Dryblower on the Mission Impossible awaiting Cutifani

HEADS he loses, tails he loses. Whichever way the coin lands for Mark Cutifani as he takes on the mining world’s equivalent of Mission Impossible with the revival of Anglo American, Dryblower reckons he cannot win, even if he succeeds in restoring the finances of the battered giant.
Dryblower on the Mission Impossible awaiting Cutifani Dryblower on the Mission Impossible awaiting Cutifani Dryblower on the Mission Impossible awaiting Cutifani Dryblower on the Mission Impossible awaiting Cutifani Dryblower on the Mission Impossible awaiting Cutifani


Tim Treadgold

The problem looks like this – if Anglo continues to decline while Cutifani is in charge then he has obviously failed.

If the company improves, predators will move in for the kill.

At best, the newly appointed chief executive officer of the once great flag carrier of South African mining can get a higher share price for jaded investors when control passes to a new owner.
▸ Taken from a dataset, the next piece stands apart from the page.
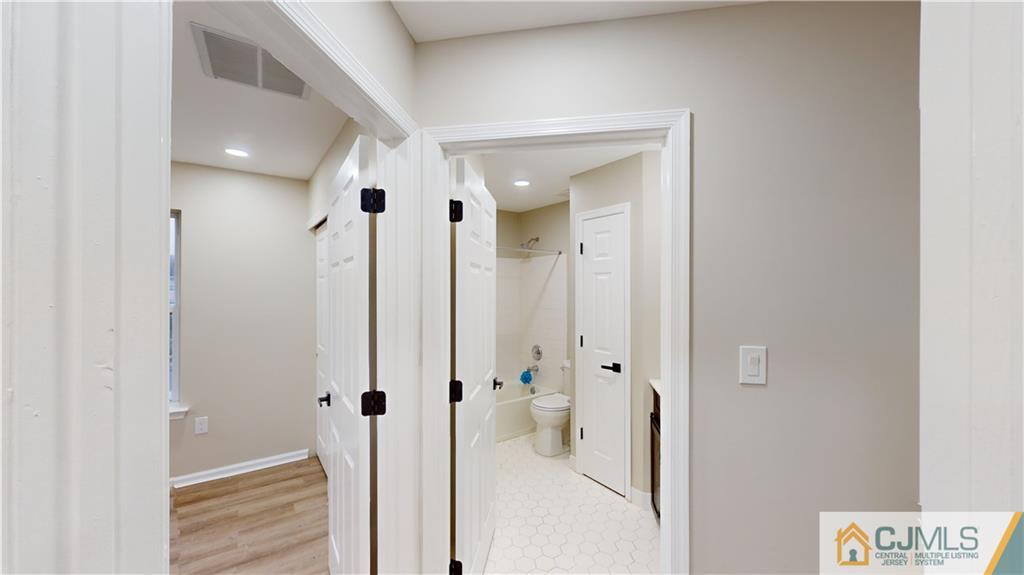 2405 Timber Ridge Court, Unit 2405 Sayreville, NJ 08859 - Photo 19 of 29 a bathroom with a shower and a glass door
The merging Glencore-Xstrata is the obvious bidder for Anglo, having already made a proposal to the Anglo board, only to be rejected.

In hindsight, Anglo’s shareholders are probably wishing the deal had been done. At least they would have seen the installation of a management team more interested in profits than the soft social issues which seem to dominate thinking at a business trapped in its past.

To understand that point – and to get a better understanding of the prediction about Cutifani’s Mission Impossible – you need to look at Anglo’s history and what it looks like today.

Back in 1984 when Dryblower first met the late Harry Oppenheimer in Johannesburg, Anglo controlled a huge proportion of the South African economy, operating multiple mining operations from gold to diamonds, as well as paper production and banking.

The company was, in simple terms, an enormous fish in a very small bowl that was about to be smashed by the end of the apartheid era and the rise of the so-called Rainbow Nation, which is how the modern South Africa likes to market itself.

But, as any student of business knows, it is awfully difficult for a business which has grown fat and lazy in a protected environment to succeed outside that environment.

In a nutshell that was Anglo’s problem.

As control of its homeland passed from a white tribe to an assortment of black tribes the company embarked on its equivalent of the Great Trek, moving out of South Africa to try its hand in the global village.

By any measure, Anglo’s trek into a more competitive world, where personal contacts no longer fix problems or deliver deals, has been a failure.

Its corporate culture was misaligned, perhaps a result of decades in the phoney world of apartheid and perhaps because its way of doing business was not appropriate in other countries.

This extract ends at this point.